EXERCISE DETAILS:
Let the output be exactly the lines from the one containing "this 300×300 image." through the end of the records below, both included.

DATA SHOWN:
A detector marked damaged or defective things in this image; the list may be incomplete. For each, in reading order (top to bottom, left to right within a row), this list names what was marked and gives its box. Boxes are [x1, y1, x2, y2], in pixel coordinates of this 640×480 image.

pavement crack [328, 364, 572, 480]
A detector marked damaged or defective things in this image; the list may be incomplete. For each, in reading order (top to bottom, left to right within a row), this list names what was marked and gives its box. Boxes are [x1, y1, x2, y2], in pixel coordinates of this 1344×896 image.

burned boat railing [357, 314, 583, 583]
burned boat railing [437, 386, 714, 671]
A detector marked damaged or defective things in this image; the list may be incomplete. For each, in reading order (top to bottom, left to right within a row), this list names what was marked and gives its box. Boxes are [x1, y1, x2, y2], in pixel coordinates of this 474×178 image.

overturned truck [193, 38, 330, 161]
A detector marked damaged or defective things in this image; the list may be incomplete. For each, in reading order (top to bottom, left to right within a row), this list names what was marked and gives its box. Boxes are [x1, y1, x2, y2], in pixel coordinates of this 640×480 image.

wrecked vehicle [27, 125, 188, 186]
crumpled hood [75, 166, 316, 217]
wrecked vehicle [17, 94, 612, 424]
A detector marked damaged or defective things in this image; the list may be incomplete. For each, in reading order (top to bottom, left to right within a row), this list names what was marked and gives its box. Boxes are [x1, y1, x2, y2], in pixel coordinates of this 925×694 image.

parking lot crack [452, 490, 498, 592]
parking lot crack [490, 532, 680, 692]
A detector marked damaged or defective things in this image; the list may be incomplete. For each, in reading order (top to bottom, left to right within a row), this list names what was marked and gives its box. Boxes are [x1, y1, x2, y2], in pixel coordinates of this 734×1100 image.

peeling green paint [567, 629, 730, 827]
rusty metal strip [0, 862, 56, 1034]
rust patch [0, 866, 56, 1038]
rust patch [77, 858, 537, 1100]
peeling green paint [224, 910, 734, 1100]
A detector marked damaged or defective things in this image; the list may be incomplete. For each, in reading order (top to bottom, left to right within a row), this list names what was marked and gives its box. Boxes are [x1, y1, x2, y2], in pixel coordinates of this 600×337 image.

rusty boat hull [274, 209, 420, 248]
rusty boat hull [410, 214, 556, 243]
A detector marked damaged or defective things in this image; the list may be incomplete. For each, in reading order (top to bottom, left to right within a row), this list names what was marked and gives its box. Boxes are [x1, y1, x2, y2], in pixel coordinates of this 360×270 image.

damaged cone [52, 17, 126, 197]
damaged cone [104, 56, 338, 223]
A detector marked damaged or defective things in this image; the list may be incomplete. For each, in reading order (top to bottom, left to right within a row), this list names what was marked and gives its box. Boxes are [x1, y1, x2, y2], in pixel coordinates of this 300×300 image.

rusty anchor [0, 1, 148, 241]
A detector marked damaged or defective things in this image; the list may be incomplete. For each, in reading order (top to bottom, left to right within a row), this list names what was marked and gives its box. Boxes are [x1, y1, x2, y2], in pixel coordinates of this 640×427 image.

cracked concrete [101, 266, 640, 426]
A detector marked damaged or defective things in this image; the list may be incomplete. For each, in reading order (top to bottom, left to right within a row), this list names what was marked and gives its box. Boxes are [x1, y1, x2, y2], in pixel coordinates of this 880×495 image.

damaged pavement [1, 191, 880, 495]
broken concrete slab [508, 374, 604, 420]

SOLVED EXERCISE:
A detector marked damaged or defective things in this image; the list may be incomplete. For each, in reading order (top to bottom, left to right within a row), this list names what was marked and gives its box. Boxes are [x1, y1, x2, y2], in pixel coordinates of this 300×300 image.

rusty anchor [0, 1, 148, 241]
A detector marked damaged or defective things in this image; the list may be incomplete. For each, in reading order (top to bottom, left to right within a row), this list names what was marked and gives its box. Boxes are [x1, y1, x2, y2], in pixel coordinates of this 640×427 image.

cracked concrete [101, 266, 640, 426]
A detector marked damaged or defective things in this image; the list may be incomplete. For each, in reading order (top to bottom, left to right within a row), this list names what was marked and gives its box. Boxes are [x1, y1, x2, y2], in pixel coordinates of this 880×495 image.

damaged pavement [1, 191, 880, 495]
broken concrete slab [508, 374, 604, 420]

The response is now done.